Exercise.
First find the line with "One-Bedroom Apartment thumbnail 6", then reproduce it and all following lines of the data to the end, exactly and with no pictures, adding nothing.

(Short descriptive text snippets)
□ □ □

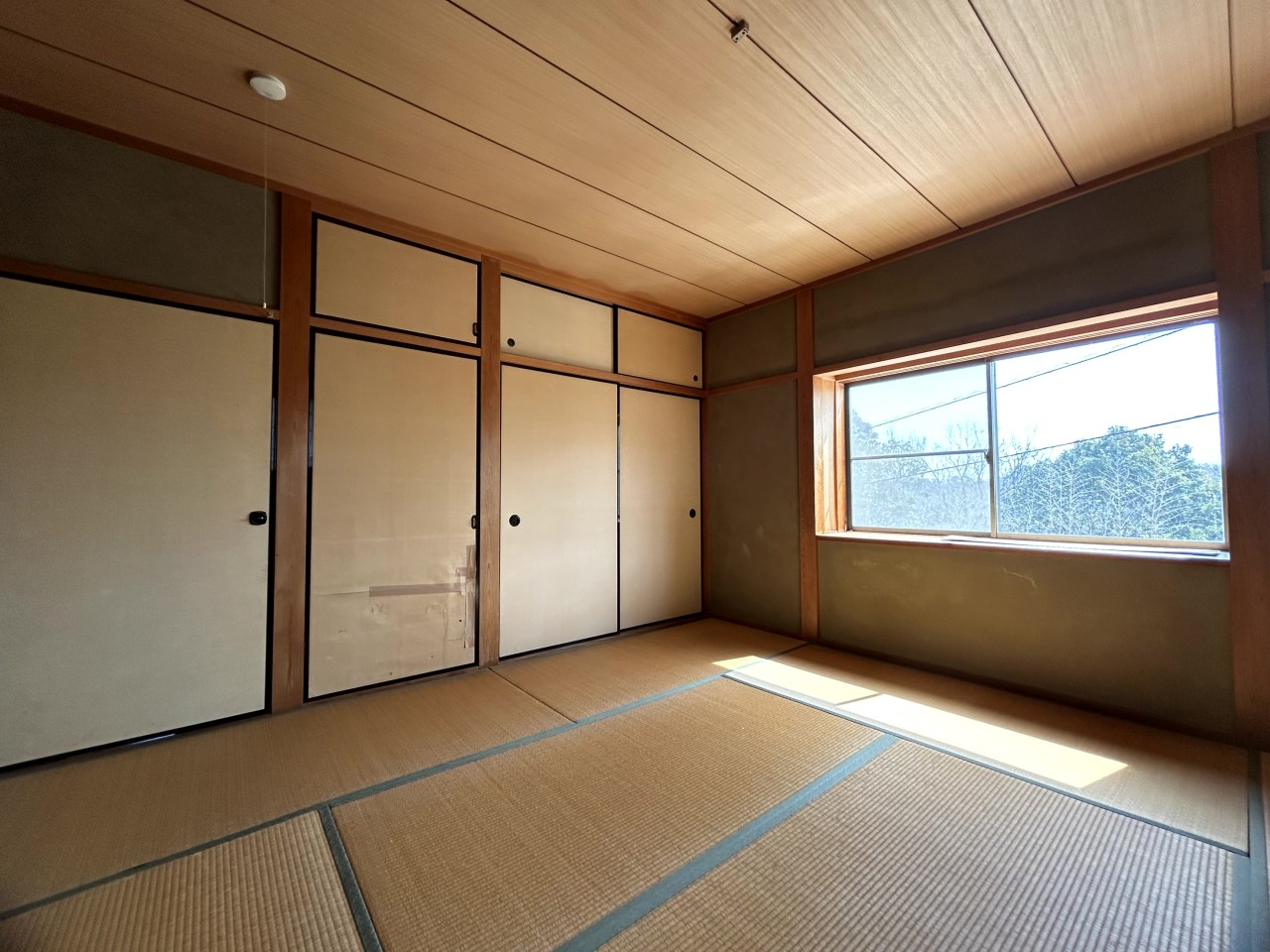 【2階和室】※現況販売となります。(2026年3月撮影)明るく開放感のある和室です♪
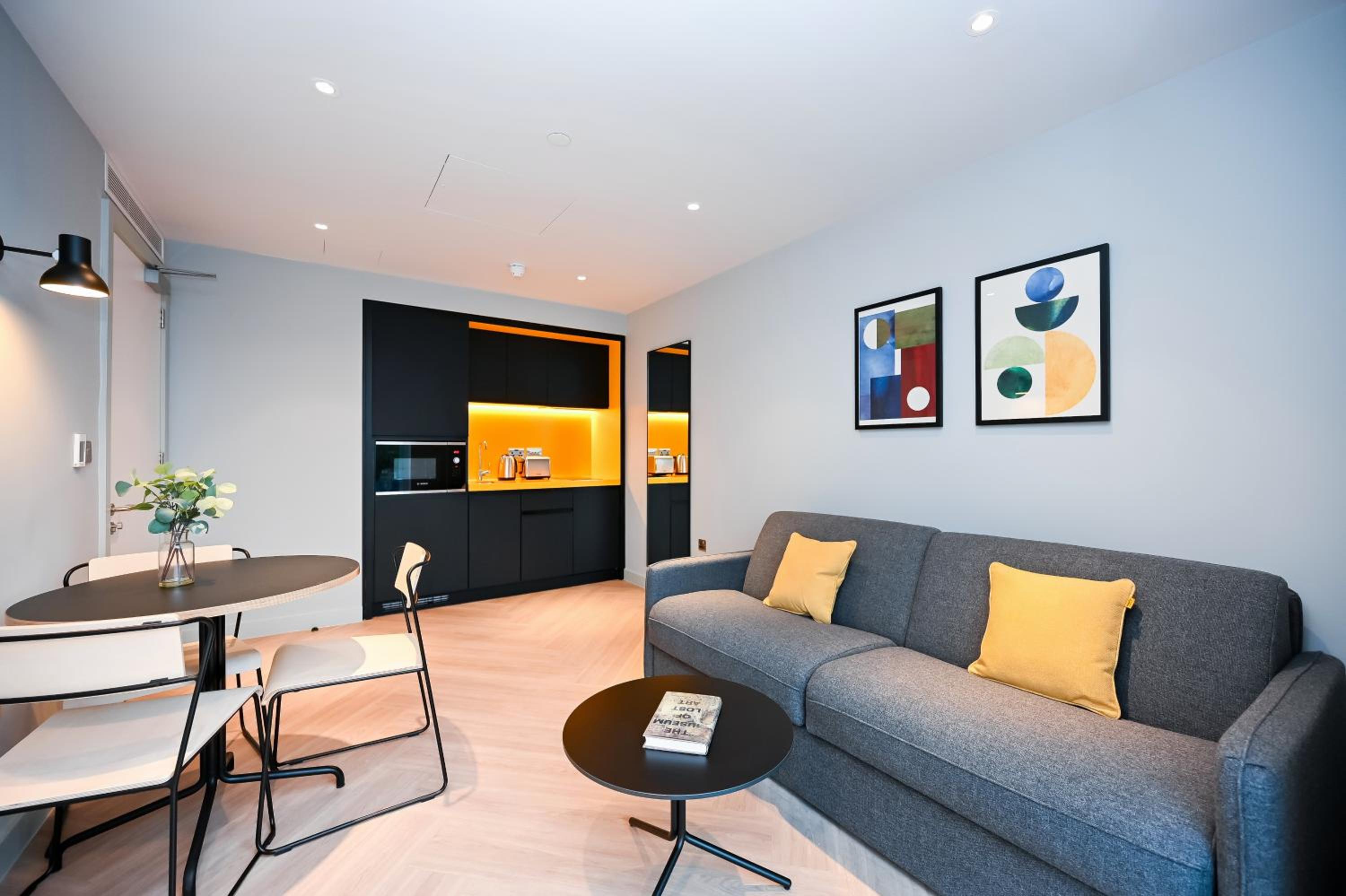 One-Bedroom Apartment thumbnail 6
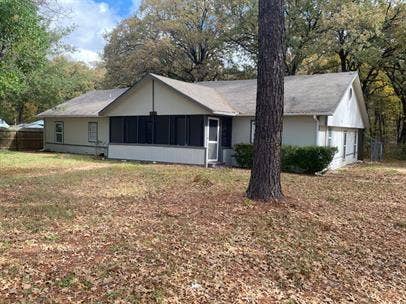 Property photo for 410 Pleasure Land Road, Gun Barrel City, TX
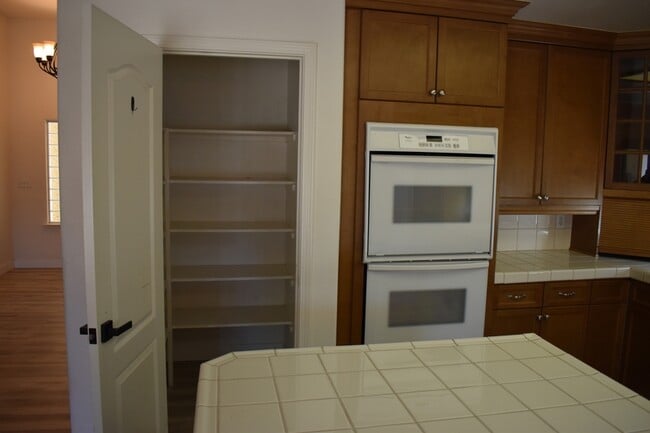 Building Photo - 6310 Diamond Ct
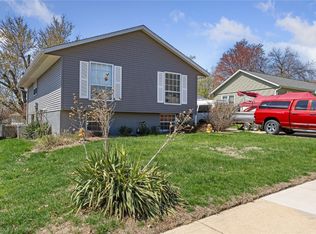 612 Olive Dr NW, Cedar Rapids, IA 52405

□ □ □

Exercise answer.
 One-Bedroom Apartment thumbnail 6
 Property photo for 410 Pleasure Land Road, Gun Barrel City, TX
 Building Photo - 6310 Diamond Ct
 612 Olive Dr NW, Cedar Rapids, IA 52405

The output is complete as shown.